How Twitter is Changing the World of Professional Poker
How Twitter is Changing the World of Professional Poker:
“Doyle Brunson is seventy six years old and he says he was up late last night in Vegas. He’s in a $10k game on the 24th day of the World Series of Poker and he just sent out a Tweet. ‘Still in 10k split,’ he said. ‘Didn’t sleep much but feel OK….’ Is that an intimate look inside the minute by minute, high-stakes life of a poker veteran – or is that a head-trip of a bluff intended to make his opponents think he could be slow on his game today?”
The ReadWriteWeb talks to Joe Sebok, poker player and CEO of the Poker Road news site, about how Twitter is changing the professional poker landscape.

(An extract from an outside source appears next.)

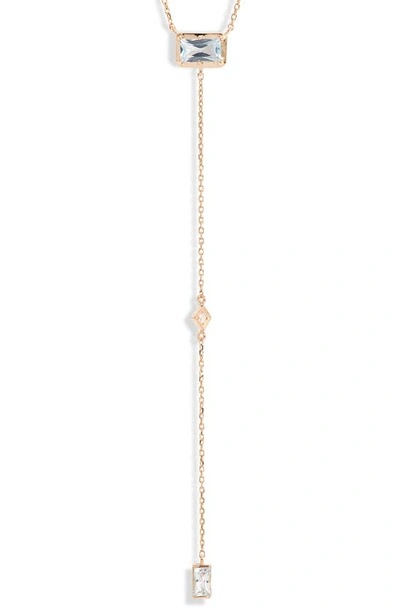 Anzie Dewdrop Blue Topaz Y-necklace In Yellow Gold/ Blue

Poker is a giant industry. Online gaming is subject to all kinds of legal regulations, vagaries and pitfalls but real world competitions like the World Series of Poker have their own media covering play by play, hand by hand and tournament by tournament. Much of that media coverage now goes on online. As a growing number of poker players are beginning to send out short messages to the world via Twitter, existing poker media is being disrupted and the news sites are scrambling to out-compete with each other in responding to the players’ direct and immediate communication with their fans. Players are reading each others’ Tweets, too, and that has consequences.